The idea that she should be a beneficiary on your life insurance is totally nuts and actually if you looked on the dark side (and I am not suggesting this is her intention) it sounds rather like tales of the unexpected as she would then have an interest in your demise in the future.

No person in their right mind would want to demand such a stupid thing of their ex.

Also totally agree with the position on pension 50% of anything accrued during the marriage is equitable and she is young enough to accrue pension in her own name.

Also, big hugs and sympathy for you and your new partner - you do not indicate that you left to have an affair, you say you left 3 years ago and are in a six month relationship.

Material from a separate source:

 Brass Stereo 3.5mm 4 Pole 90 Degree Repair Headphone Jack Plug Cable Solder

I totally agree with the person who gave you advise on that and I would attempt to re-assure your partner (in any case is is a new third party) that it is her RIGHT as well as your responsibility to point out to your stbx that she has rights of privilege on the matter of financial disclosure.

On that point I would put in any offer to settle that your new partner is so distressed and it has put such a strain on a new relationship that she has asked you to move out (so consider doing it if it really is that it is breaking what could be a longer term or life time relationship).

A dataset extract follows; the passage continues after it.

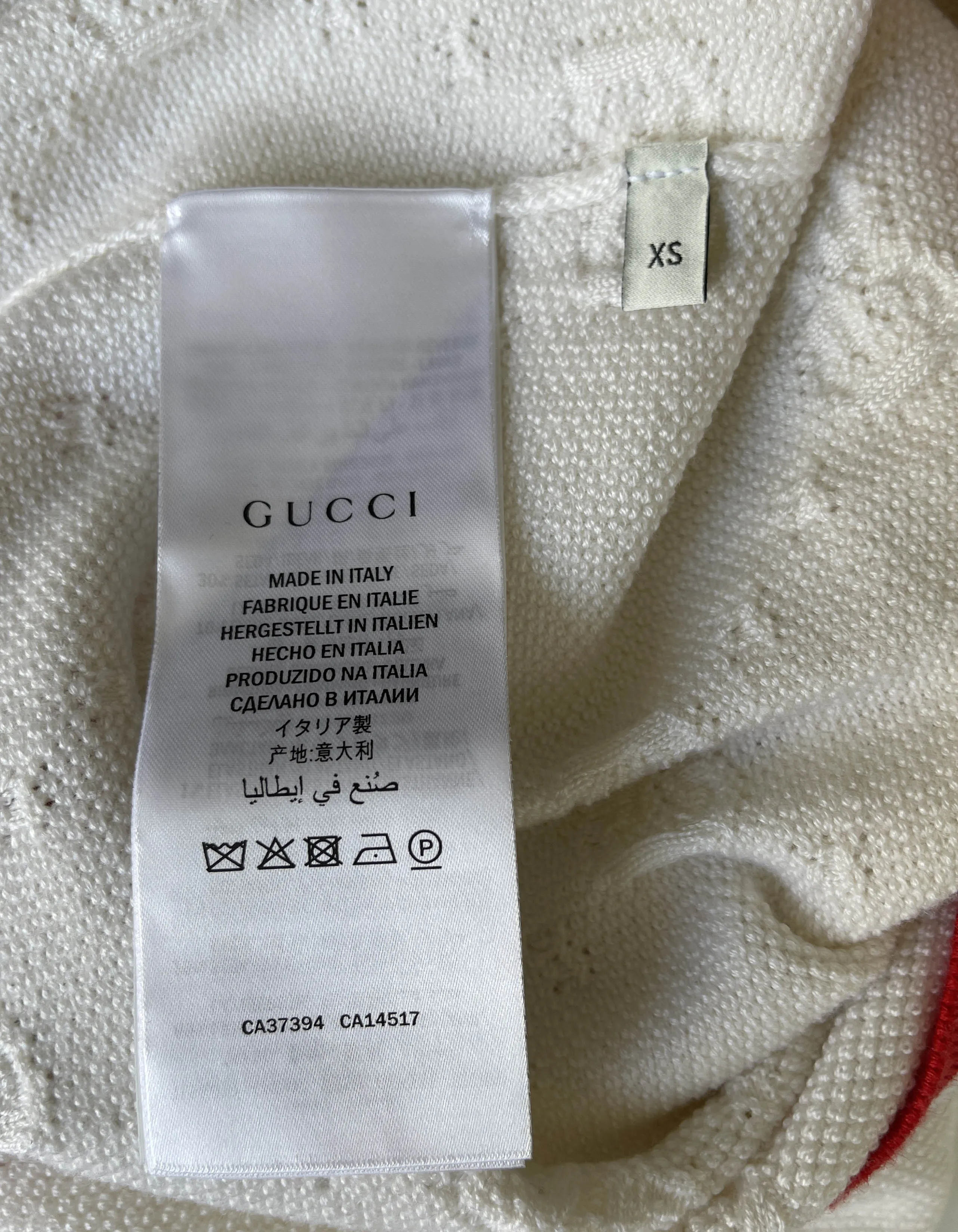 Gucci 2019 White GG Short-Sleeved Wool Blend Sylvie Sweater sz XS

As we all know marriage breakdown is often very very stressful and that includes stress to any other party that might potentially get involved.

What offer or offers have you made to date and what offer do you think you could make to get out of this?

I suggest 50% of the pension you accrued during the course of your marriage and that she takes the equity in the FMH as long as she has sufficient means to pay the mortgage.

If she does not then regretably possibly an order for sale where you would need an independent valuation (not estate agents valuation).

At this point bearing in mind you have had to fund all of this out of current income and £12,000 is a huge legal bill and that she gave up work at the point of all this and is claiming legal aid I would seriously say that amounts to litigation conduct, failure I think to put in any offer which has any basis in reason and would be asking that she pays personally for an independent valuation.

I would also say seeing as she has racked up so many costs and caused so much financial and emotional distress that if she doubts and insists on a pension valuation and can not accept a split when the pension is in receipt (way off so that defers the actual cost - that could be in any order for the future) that she also pays for the report rather than continuing to put you under such emotional and financial distress.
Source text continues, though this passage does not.